As we touched on above, the turmoil in the money markets back in 2008, some of which are continuing today, led to a massive increase in the cost of borrowing around the world. This put more pressure on the banking system, leading to a reduction in loans which then led to cost cutting across the business arena. Indeed many businesses failed to recover from this damaging increase in the cost of borrowing and the number of business failures rose dramatically.
The worldwide economy today is still struggling to maintain any forward momentum and the European problem is having a major impact. Despite the fact that China and India in particular are still showing signs of significant economic growth the likes of the US are struggling to push ahead. There are ongoing concerns that the European debt debacle is nowhere near being resolved and indeed some doomsday scenarios suggest that it could take decades to recover. Whether or not this is the case remains to be seen but until the debt crisis within Europe is resolved we are unlikely to see a major push from the worldwide economy.

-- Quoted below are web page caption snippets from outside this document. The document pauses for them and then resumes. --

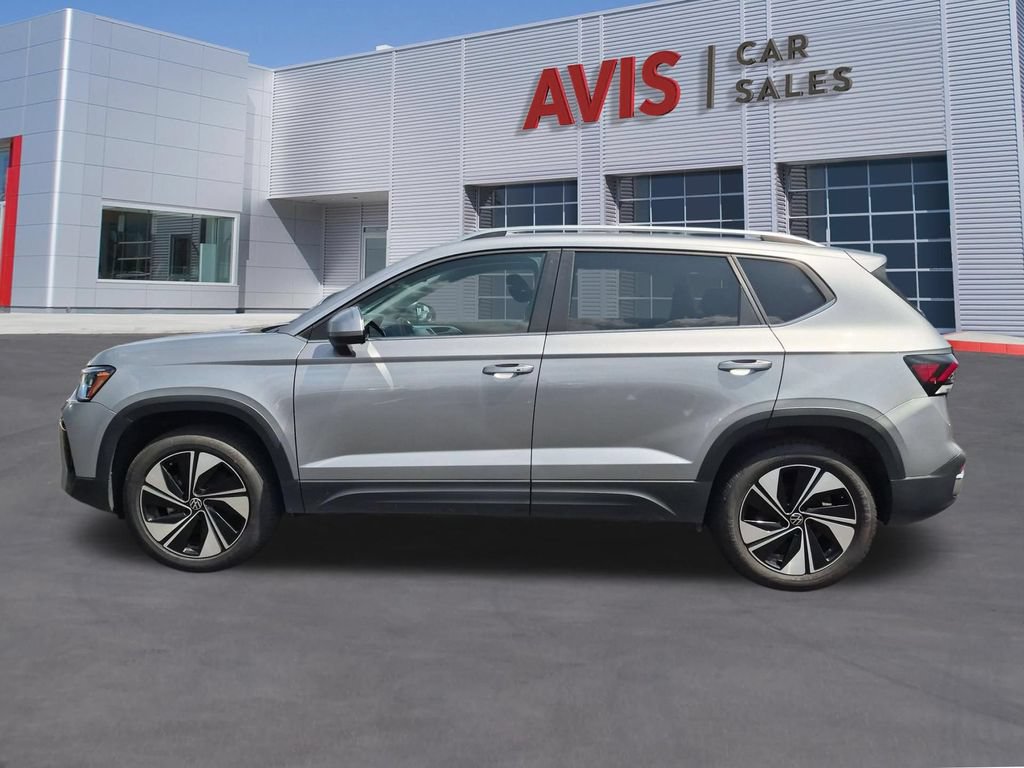 Used 2025 Volkswagen Taos SE AWD/4WD image 10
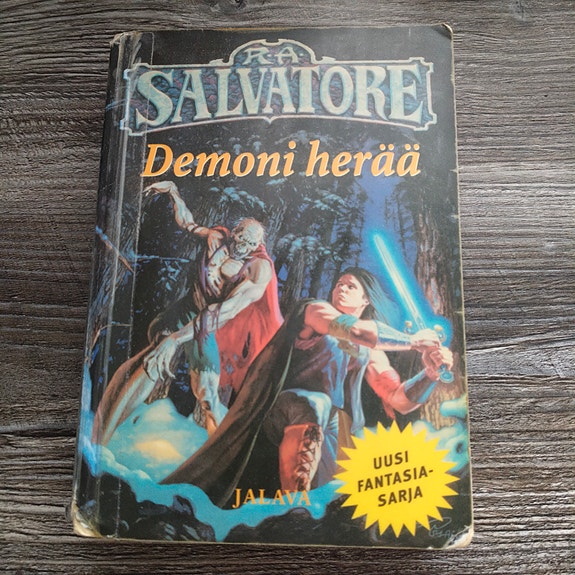 R.A. Salvatore Demoni herää kirja - suomenkielinen fantasia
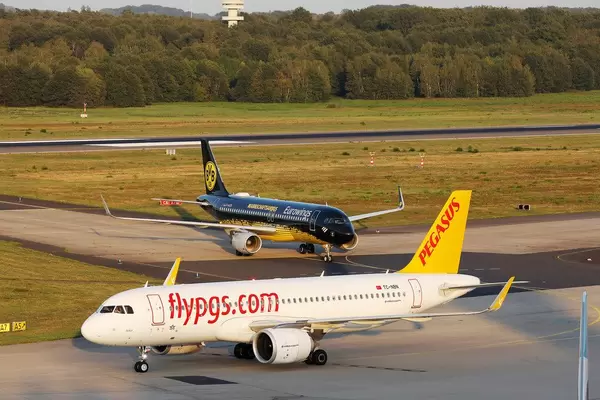 Pegasus Airbus A320neo und Eurowings BVB am Flughafen Köln / Bonn, CGN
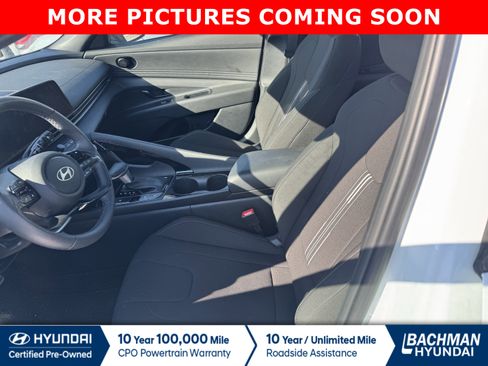 Certified 2025 Hyundai Elantra SEL image 5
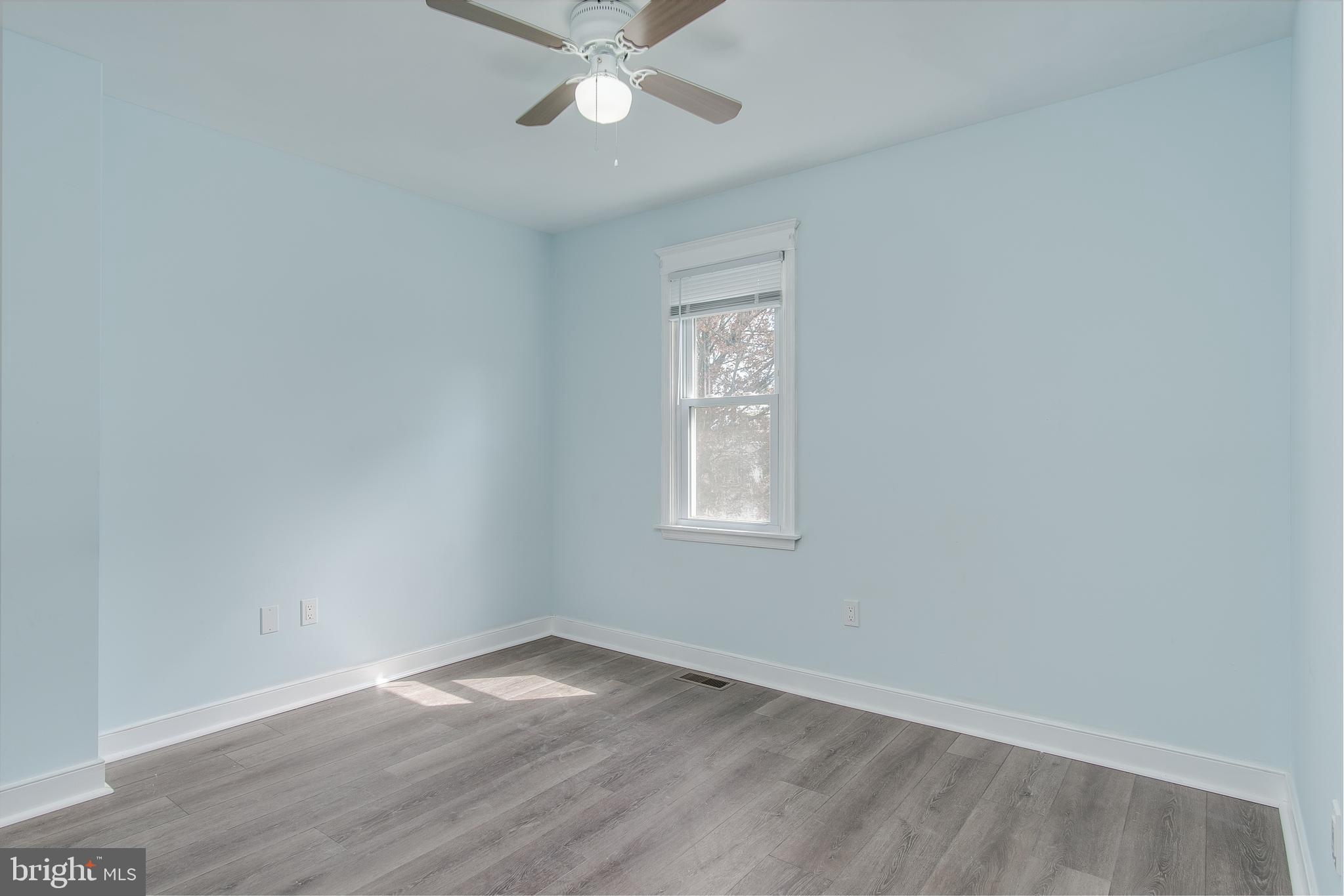 KENLY SQUARE - Residential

Interest rates around the globe are now at record lows, investors are starting to pick up some “underpriced assets” but on the whole there is still scepticism amongst investors. In times of trouble or times of prosperity human emotion very much comes to the fore and this is no different in the investment arena. In times of trouble many investors will remain sceptical for a prolonged period of time and in times of prosperity many investors will push prices to unsustainable levels such as we saw just prior to the US mortgage crash. Until investor confidence recovers it is unlikely we will see any significant forward momentum.
It is interesting to see that French expat investors appear to be one looking at the property market, precious metals market, classic cars and stocks and shares. These are very different investment arenas because predominantly the precious metals market and to a lesser extent the classic cars market tend to benefit from times of economic distress. It looks as though some investors are discounting the short to medium term problems within Europe and perhaps looking to pick up property and stocks and shares which they believe may have been oversold in the short term and offer long-term growth opportunities. This is perhaps one of the smartest policies to introduce in the longer term although the short-term situation could get very much worse before it gets better.
The situation in France is very different to that in many other areas of the world where there has been a general spread of investment interest into other areas such as antiques, fine wines and art. Whether the ever changing political situation has impacted upon investment trends and investment plans for the future is a matter for debate but this is a country which is going through a major change in more ways than one.